Generally, if a paper is published following this level of protocol, it likely has medical findings worth further investigation.

Level 9: The Same as Level 8 Plus the Results are Statistically Significant

Claims are often made in science but they do not always have a necessary level of statistical significance to back them up. Understanding p-values and confidence intervals are key in seeing what data are valid and which are not. Often journalists are not well versed in such things and will publish “breakthroughs” where there are none.

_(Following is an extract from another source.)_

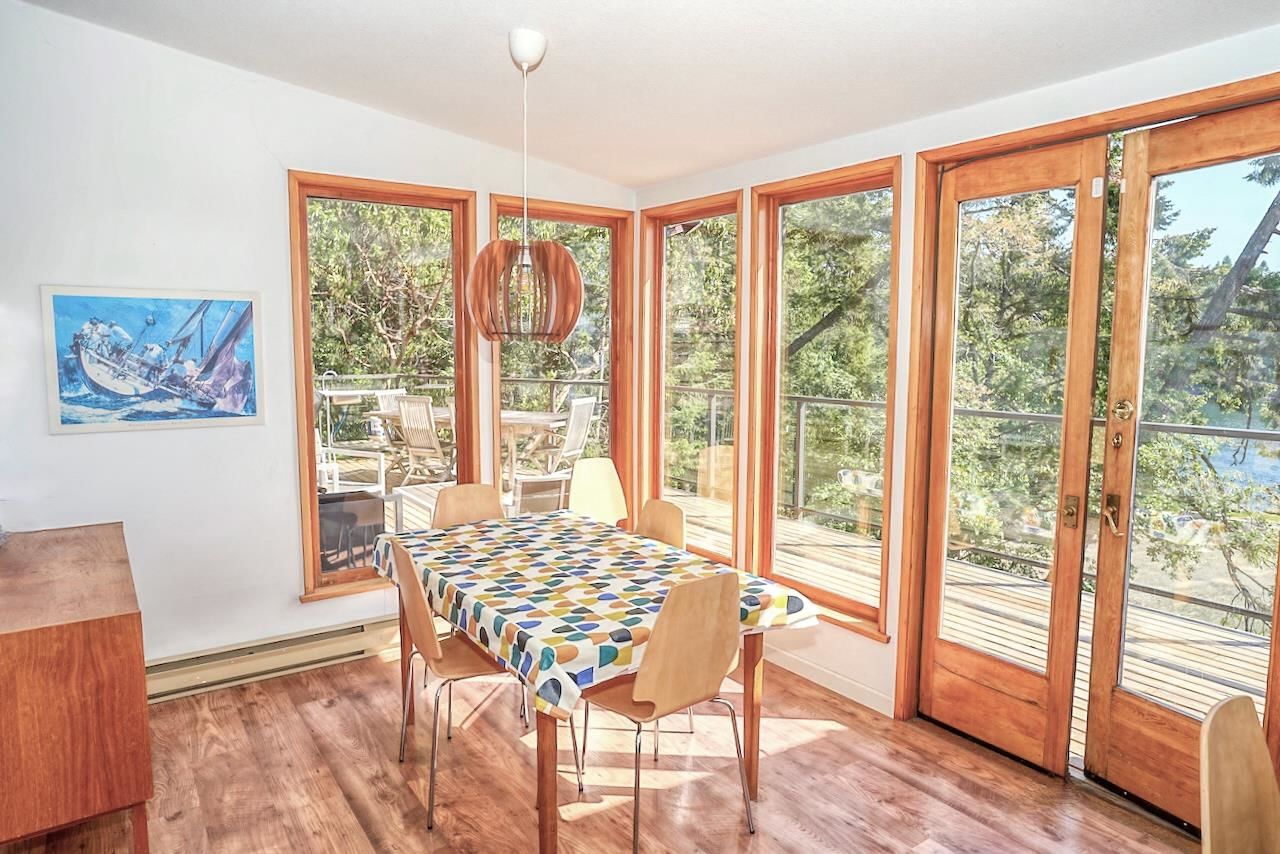 Listing Image 14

Level 10: The Same as Level 9 Plus Verified By Independent Third Parties

Anything meeting this standard can be considered, in my opinion, medicine. One study is compelling but multiple independent studies, being conducted under the strictest of conditions is more compelling. In most developed countries, all vaccines and medications have achieved this level of scrutiny, as a minimum, before being released onto the population.

Using the Levels

Pharmacies (chemists) sell pretty much anything from Level 2 or above e.g. ear candles. Alternative medicine generally gets up to Level 6 or 7 because, beyond that, it starts becoming actual medicine.

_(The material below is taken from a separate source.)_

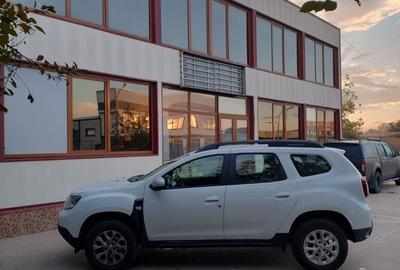 Spațiu comercial, de 6,223 mp, în Central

This is not to say alternative medicine or diets are bad or wrong, they are just not scientifically proven to the level of other potential treatments. In the absence of other verified treatments or as an adjunct to other therapies, they may be worth considering.

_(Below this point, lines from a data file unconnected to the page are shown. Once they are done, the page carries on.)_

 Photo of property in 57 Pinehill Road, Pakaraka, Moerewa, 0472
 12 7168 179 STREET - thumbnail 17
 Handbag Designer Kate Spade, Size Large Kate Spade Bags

Journalists/mainstream media generally publish “breakthroughs” down to Level 7 but, I would argue it is only in the public interest at Level 9 or 10. Wakefield’s autism claims are the poster child for why this is the case.

Medical research can get to Level 9 and then hit a dead end because it cannot be easily replicated. The famous Rat Park experiments of the late 70s is a good example. While linking environmental conditions to addictive behaviours, the results proved difficult to replicate elsewhere.

In terms of general science, the same ten levels apply although the need for control groups and double blind studies are less important in other science areas. A good example of a Level 9 physics error was the 1989 cold fusion hoax highlighting that science is indeed fallible, at all levels, and before embracing something you read on the internet, ensure it meets the highest possible standard.

tl;dr

Here I present ten levels for assessing medical information. The ten levels are:

  • Level 1: Idle Speculation
  • Level 2: Secondary Source Anecdote
  • Level 3: Primary Source Anecdote
  • Level 4: Multiple, Corroborating Anecdotes
  • Level 5: Observed Under Controlled Conditions
  • Level 6: Observed and Confirmed Independently Under Identical, Controlled Conditions
  • Level 7: Published in a Peer-Reviewed Journal
  • Level 8: Published in a Peer-Reviewed Journal, Conducted in a Double-Blind Study and/or with a Control Group (When Ethical/Appropriate)
  • Level 9: The Same as Level 8 Plus the Results are Statistically Significant
  • Level 10: The Same as Level 9 Plus Verified By Independent Third Parties

Using these levels as a guide we can assess the medical information we receive and how reliable it may be.